H2O2 + HSO3- ---> SO4-- + H2O + H+

and implies that the answer to the original question is that OP could have oxidized the bisulfite to sulfate with readily available hydrogen peroxide. I just wouldn't be comfortable dumping hydrogen peroxide into my mash, kettle or beer so I think the thing to do is hope that there were enough oxidizing agents in the wort to take care of things.

The risks with unconverted bisulfite are with respect to yeast health. Vintners use it to biologically stabilize must which means it is not good for yeast (or bacteria). The fact that wine does ferment suggest that it is harder on bacteria than on yeast so perhaps we need not worry about this aspect of it.
 
Somewhere very deep down in my stash of old college books, I recall hiding those that contained that language above. Reminds me of learning the acid base balance in college and poking my eyes out with the pen.

Who would have thought learning that stuff would some day be useful. lol

I will have to take your word for it. But in a month or two, I'll dig up this old thread and post some feedback of what it tastes like.
 
I've used campden tablets to treat the juice when making fruit wine at similar levels you are describing to prevent the wild yeast from fermenting. After 24 hrs I added my intended yeast. Packaged wine yeast is usually sulfite resistant not sure about beer yeast. The fact that your beer is fermenting is a good sign. How will it affect the flavor? Time will tell but my wine never tasted like campden tablets.
 
Thank you @ajdelange for the thorough chemical explanation and how pH plays a role which components are present and active at a given pH level.

For the users, remember you can "treat" 2 different ways with meta:
  1. As a preservative in fruit juice, wine, cider, etc. killing present microbes and wild yeast. Dosage 1 tablet per gallon (min. 150ppm free SO2)
  2. As an agent to remove Chlorine and Chloramines from water. Dosage 1 tablet per 20 gallons (~7 ppm SO2)
 
Any thoughts on using KMeta as an antioxidant during packaging beer? For example using a solution as the sanitizer.
 
Beer actually contains quite a bit of bisulfite on its own. You may have noticed, particularly with lager strains, the aroma of SO2 wafting through the room with the fermenter. Some brewers add more but you have to be very careful.
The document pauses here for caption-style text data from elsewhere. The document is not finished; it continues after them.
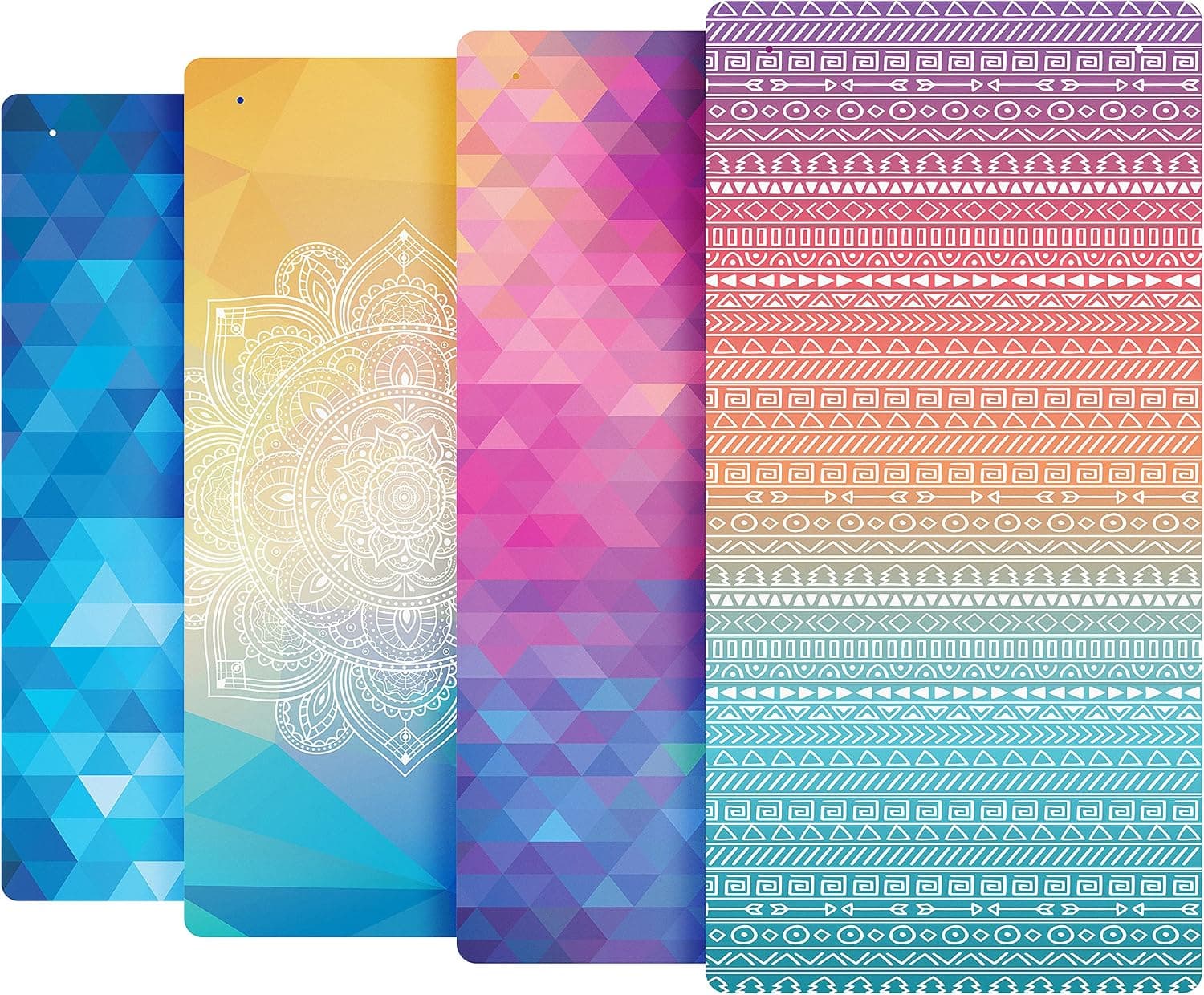 Reetual Modern Bathtub Mat Non Slip for Shower Tub - 32x16 XL Multi Colored Bath Mats with Unique Decorative Artisan Designs for Adults, Kids, Baby, with 200 Suction Cups for Grip (Cancun)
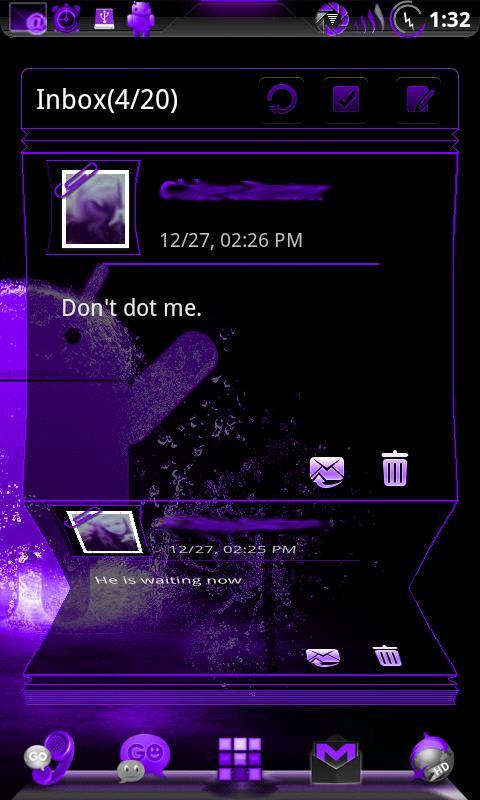 GOWidget Theme DeepPurple-Free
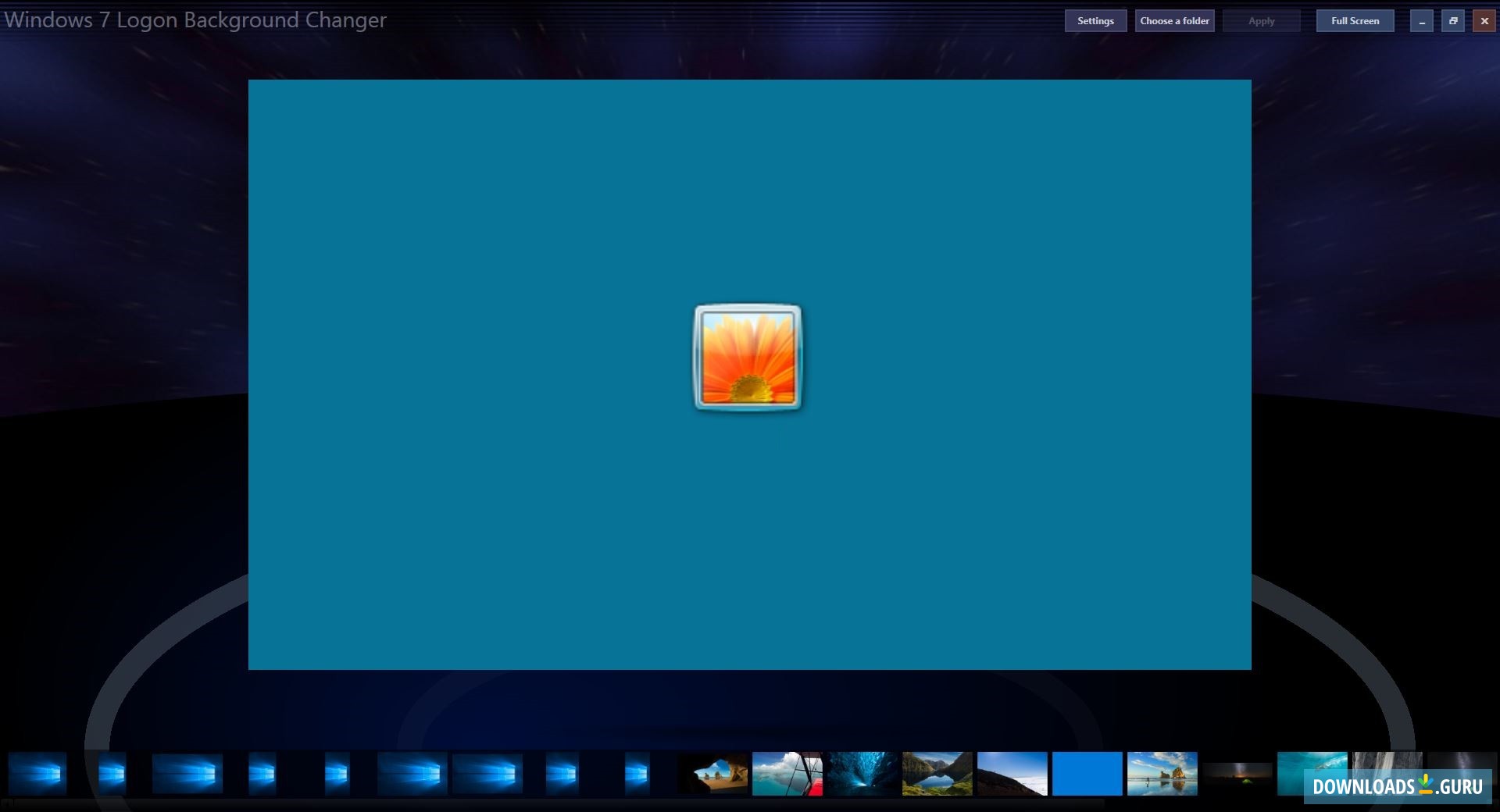 Window 7 logon background changer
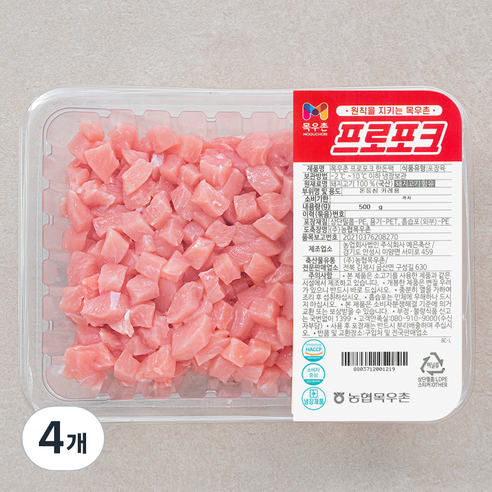 목우촌 프로포크한돈 등심 카레용 (냉장), 500g, 4개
Bisulfite, you'd think, would be great because it should, for example, be able to reduce diacetyl to acetoin and it can but it also forms adducts which taste worse than the diacetyl. So if want to experiment go very slowly.

I spotted an interesting comment in HBS&Y to the effect that while HSO3- is a great reducing agent yeast are even better and can reduce bisulfite all the way down to sulfide. Not a very pleasant prospect that!